Saturday, November 13, 2010

No Longer Necessary to Beat Teams on the Field, Beat them in the Courtroom: FoxSports Reports on Potential Cam Newton Recruiting Issues

Would anyone care about Cam Newton if the Auburn Tigers were 0-10 instead of 10-0?

Fox Sports reports that Mississippi State confirms it notified the SEC about Cam Newton [possible recruiting violation] issues already in January but that it had not provided any documentation until July because it was too busy with other things.

Oh, really? What a despicable world NCAA sports are at the administrative level. Just let the season take its natural course and then pull the rabbit out of the hat in the decisive part of the ongoing college football season.

The NCAA and college football have now entered the painful stage of evolution in the cesspool of hypocrisy that marks college football recruiting and politics, whereby teams no longer beat their opponents on the field but rather in the courtroom, as schools begin to scrutinize opponents for NCAA rule violation infractions in order to take them out of the competition.

USC is already on the sidelines.

Is Auburn next?

What does FBS college football have to do with "amateur" athletics? Virtually nothing. You probably have to go to Division III non-scholarship football to find something that you might want to call an "amateur" sport, and even there, recruiting is a serious business at the top echelons.

At the level of the FBS (former Division I-A), college football is a big business inextricably entwined with commercial enterprises of all sorts, where thousands of corporate employees, administrators and, as allegedly in the Newton case, opportunists reap enormous profits and where a few unlucky young, inexperience, talented and perhaps naive athletic souls are sacrificed for their poor judgment in order to keep up appearances for those who are pulling in salaries running into millions of dollars per year.

Frankly, one should sue the NCAA for fraud for purporting to rule over "amateur" college sports when in fact it is running a vastly commercialized enterprise that is called "amateur" primarily to obtain the tax breaks that the government provides to colleges and universities as alleged non-profit institutions, as they bask in -- in some cases -- billion dollar endowments.

It is all a farce and a sham that such a talented athlete as Cam Newton is another needless victim, regardless of how any blame is ever assessed. The problem is not the athlete, it is the system.

To clean up college sports, you do not go after the athletes and their families, many of whom may be living on the fringe of poverty and looking where their next meal is coming from, or, they, like the rest of college football nation, may be looking to polish their silverware by leveraging their position.

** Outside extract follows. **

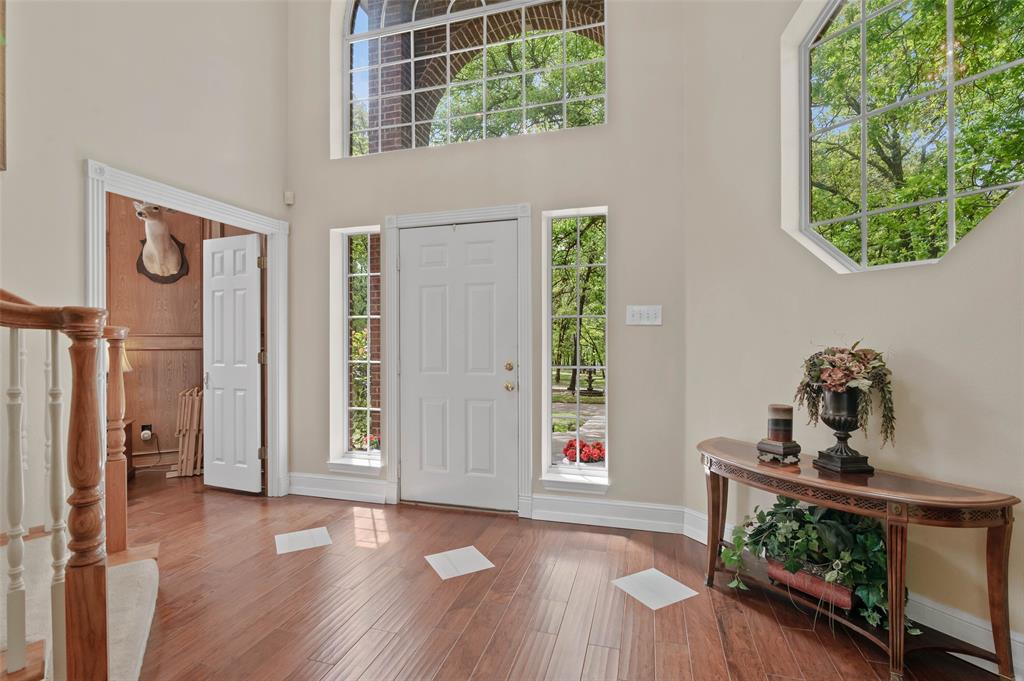 982 Stonecrest Road Argyle, TX 76226 - Photo 5 of 27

Rather, to clean up college sports, you need to start to conform the rules to the realities and acknowledge that college sports cost money to operate -- so that income must at least match expenses -- and one must take cognizance of the fact that college sports are often a personal financial burden on the gladiators -- I use that term intentionally for college football players and similar athletes in college basketball, baseball, hockey, track & field, golf, etc. GLORY goes to the winner, whether it be in cash, or other rewards, it is all the same principle. Many people compete for the spoils of winning, and, in some cases for the rewards, also, of losing, as weak teams serve as doormats to much stronger teams in order to pad the pocketbooks of their college administration via attendance and TV money.

"Professional" sports developed out of the practice of reimbursing "amateur" players for their expenses and for their loss of time in their jobs. Today we give scholarships ... and more.

What has changed?

If you are not convinced, take a look at the athletic page site of the Mississippi State Bulldogs, the whistleblowers in the Cam Newton case. You have to click the opening page and it takes you to the ticket page, where the word "Purchase" appears SEVEN times, for game tickets, events and miscellaneous shop items. Money is the name of the game. Those who live in glass houses should not throw stones.